L’offerta della Spagna arriva dopo la disposizione della Procura di Agrigento, per la quale dalle ispezioni non sarebbero emerse particolari criticità igienico-sanitarie da far scattare l’emergenza. «L’inconcepibile risposta delle autorità italiane, e in particolare del suo ministro dell’ Interno Matteo Salvini, di chiudere tutti i suoi porti e le difficoltà esposte da altri paesi del Mediterraneo centrale, hanno portato la Spagna a guidare nuovamente la risposta alla crisi umanitaria», si legge nel comunicato della presidenza spagnola riportato da El Pais. «Il governo spagnolo considererà la possibilità di agire davanti all’Unione europea o alle istituzioni per i diritti umani e il diritto marittimo internazionale contro l’atteggiamento del governo italiano, in merito allo sbarco di migranti a bordo dell’Open Arms», ha fatto sapere in un comunicato il ministero degli Esteri spagnolo.
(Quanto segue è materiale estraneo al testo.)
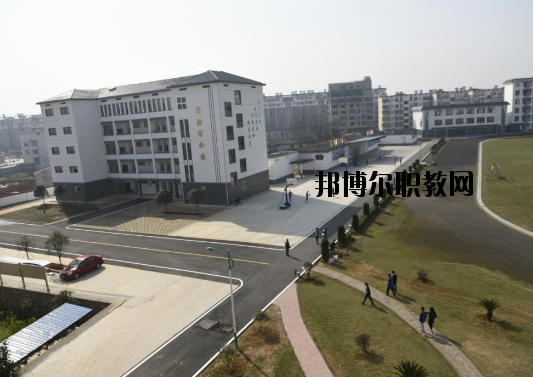 宜豐中等專業(yè)學(xué)校2020年報名條件、招生要求、招生對象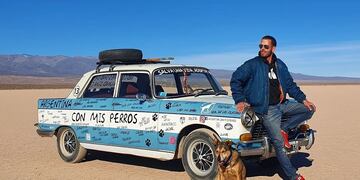 Charly y Wisky de viaje por Argentina con su auto.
Secondo El Pais, che cita fonti diplomatiche, la questione verrà affrontata nella prossima riunione dei ministri dell’Interno della Ue, alla quale parteciperanno sia lo spagnolo Fernando Grande-Marlaska che Matteo Salvini, e non hanno escluso che la vicenda possa finire alla Corte dell’Aja. A detta delle fonti, l’atteggiamento del ministro italiano rappresenta una flagrante violazione della Convenzione del mare e del diritto internazionale.
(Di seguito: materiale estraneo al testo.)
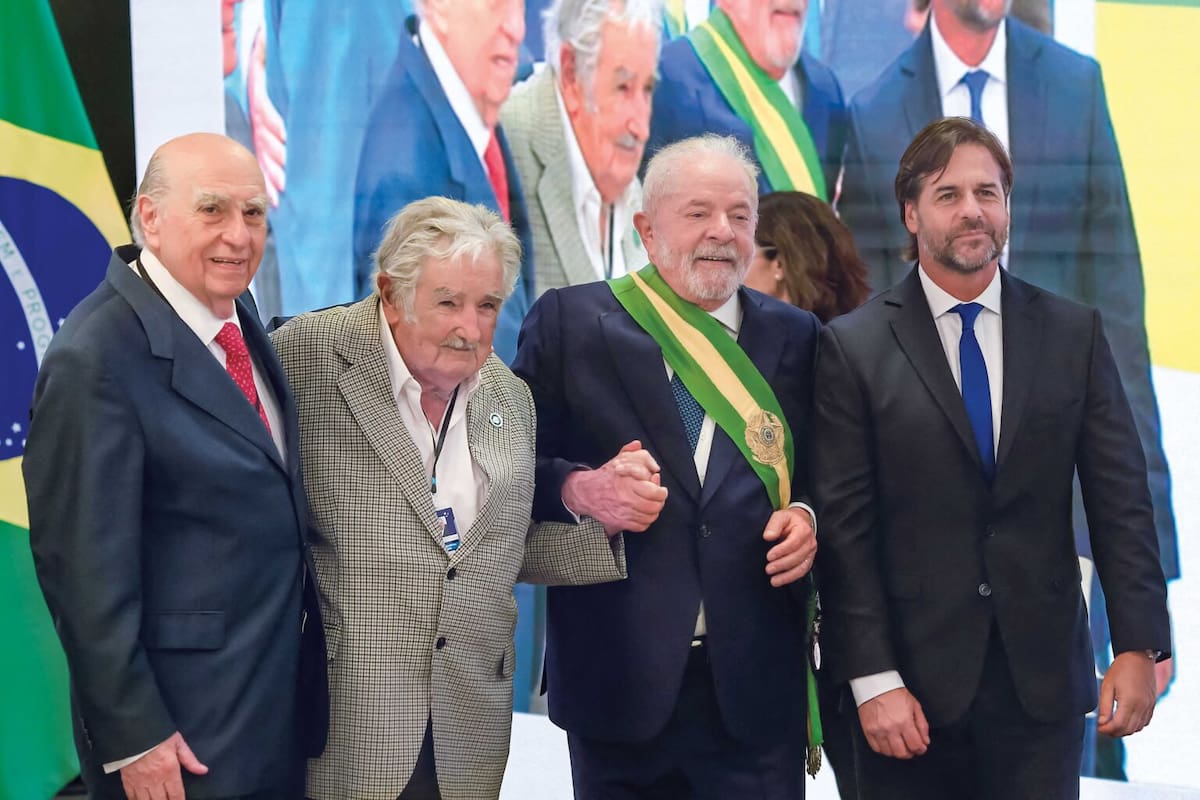 En su despedida, Lacalle Pou recordó su viaje a Brasil junto a los expresidentes "Pepe" Mujica y Julio María Sanguinetti, en enero de 2023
«Chi la dura la vince: la Spagna ha aperto i porti. Non ho risposto agli insulti, alle minacce di morte. Si ragiona con calma e si lavora da ministro. Oggi, ieri e domani», è stato il commento di Salvini in una diretta su Facebook. Intanto a bordo la situazione è diventata insostenibile, tanto che cinque migranti hanno deciso di gettarsi in acqua per raggiungere a nuoto Lampedusa e sono stati recuperati poco dopo da alcuni membri dell’equipaggio.